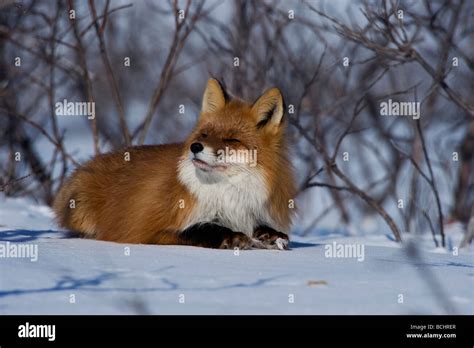 Red Fox Laying Amongst Willow On Snowcovered Tundra Near Nome Alaska
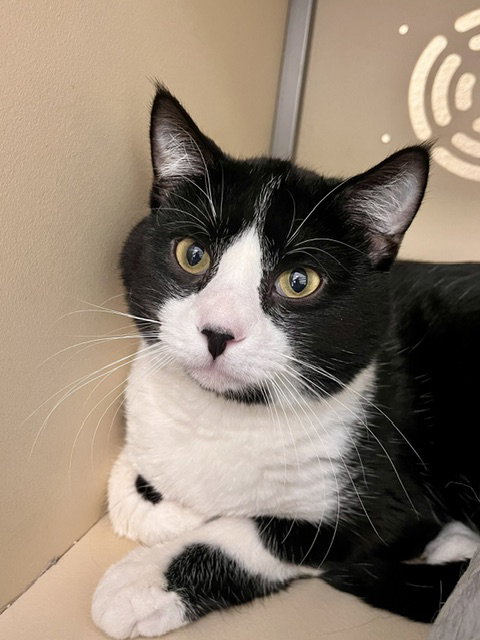 Frodo, Senior Domestic Short Hair / Mixed (short coat), cat for adoption in Webster, Wisconsin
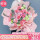 11朵粉色康乃馨百合束—经典款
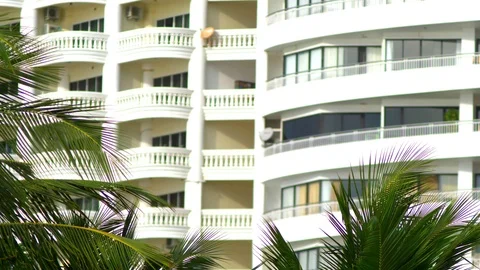 Palm leaves on a background of skyscrapers Stock Footage 100648116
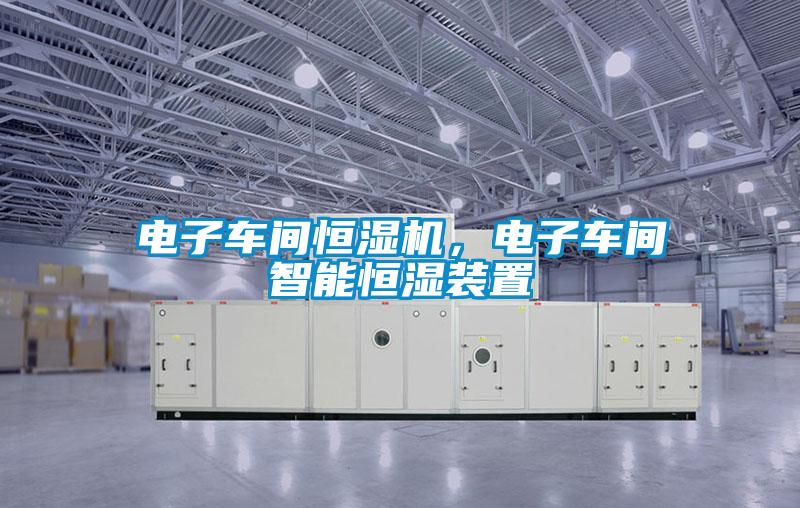 電子車間恒濕機,電子車間智能恒濕裝置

---

Requirement: The required output is each record above, reproduced exactly, without its pictures.

Solution to this task:
 Red Fox Laying Amongst Willow On Snowcovered Tundra Near Nome Alaska
 Frodo, Senior Domestic Short Hair / Mixed (short coat), cat for adoption in Webster, Wisconsin
 11朵粉色康乃馨百合束—经典款
 Palm leaves on a background of skyscrapers Stock Footage 100648116
 電子車間恒濕機,電子車間智能恒濕裝置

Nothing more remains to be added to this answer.